No recente 1º Fórum de ESG Amazônia, o debate sobre a recuperação da rodovia BR-319 e sua sustentabilidade foi reacendido. Denis Minev, economista e empresário líder da Bemol, propôs novamente a ideia inovadora de rematamento, visando transformar a reabilitação florestal do Amazonas em um empreendimento lucrativo e sustentável. A iniciativa já está em andamento no município de Careiro Castanho, por conta e risco do empresário, e está acontecendo no traçado Amazonas da BR-319, evidenciando a potencialidade de negócios sustentáveis na região.
A questão central é quem deve assumir a responsabilidade pela vigilância e fiscalização das rodovias federais. Inteligência natural e artificial está sobrando. Com a BR-319 fora das prioridades federais, entretanto, a região enfrenta o risco de degradação contínua. Isso é efeito imediato do abandono. A rodovia, que já sofreu décadas sem manutenção adequada, torna-se alvo fácil para grileiros e desmatadores.
O desafio é identificar formas de proteger esta via crucial, atribuindo-lhe um valor econômico que possa justificar sua preservação e manutenção. A indústria amazonense, dependente de uma logística estratégica e alternativa, vê-se ameaçada pela falta de opções de transporte no modal rodoviário. A situação é agravada pela possibilidade de vazantes extremas, novamente em 2024, o que aumenta a vulnerabilidade logística da região: Indústria, comércio, serviços corriqueiros de emergências.
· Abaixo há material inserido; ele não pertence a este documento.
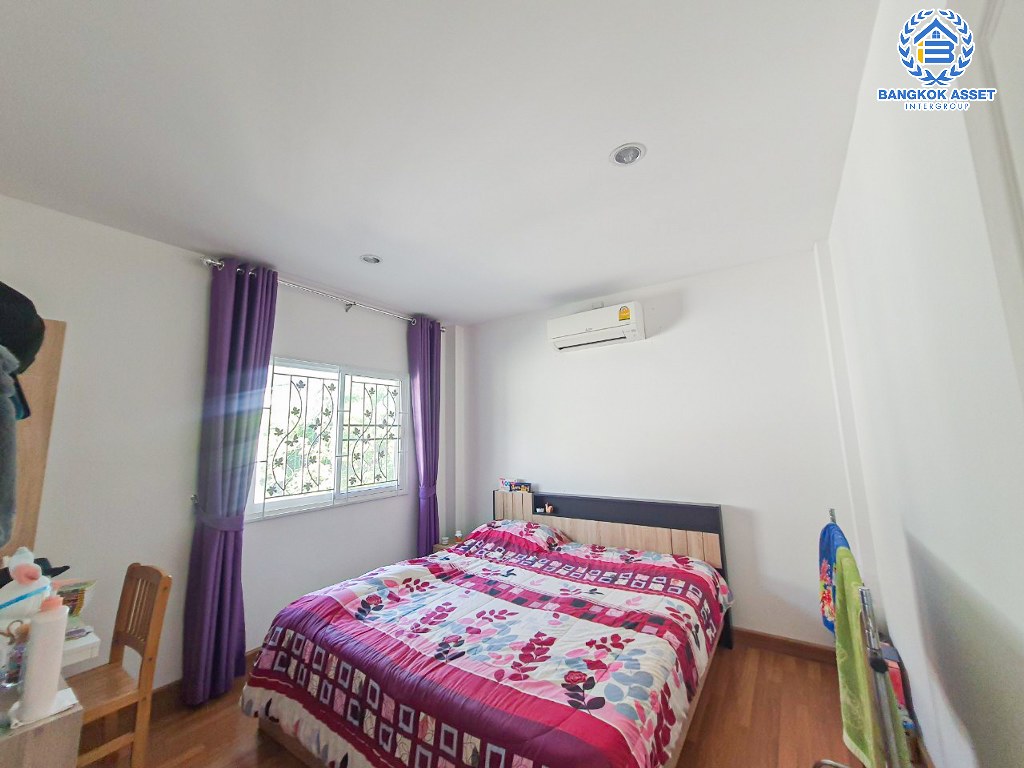 *****บ้านแฝดมือสอง โครงการ เพลิน ราชพฤกษ์ เนื้อที่กว้าง 35 ตร.ว. ฟังก์ชัน 3 ห้องนอน 2 ห้องน้ำ 1 ที่จอดรถ บนทำเลเดินทางสะดวก เชื่อมต่อถนนบางกรวย-ไทรน้อย ถนนบางใหญ่-บางคูลัด ถนนกาญจนาภิเษก ใกล้รถไฟฟ้าสายสีม่วง "สถานีบางพลู" และจุดขึ้นทางด่วน "ศรีรัช-วงแหวนฯ"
A despeito dos desafios, entretanto, o Amazonas não fica nem deveria ficar à margem no que diz respeito a investimentos para combate ao desmatamento. Iniciativas como o Edital Restaura Amazônia, anunciado na COP28, em dezembro último, mais o aporte de recursos do Reino Unido para o Fundo Amazônia. São demonstrações de um comprometimento financeiro substancial para a sustentabilidade na região. Proteger o bem natural é, principalmente, atribuir-lhe uma finalidade econômica. Os ingleses descobriram este mantra desde que enxergaram os negócios da borracha cultivada extensivamente.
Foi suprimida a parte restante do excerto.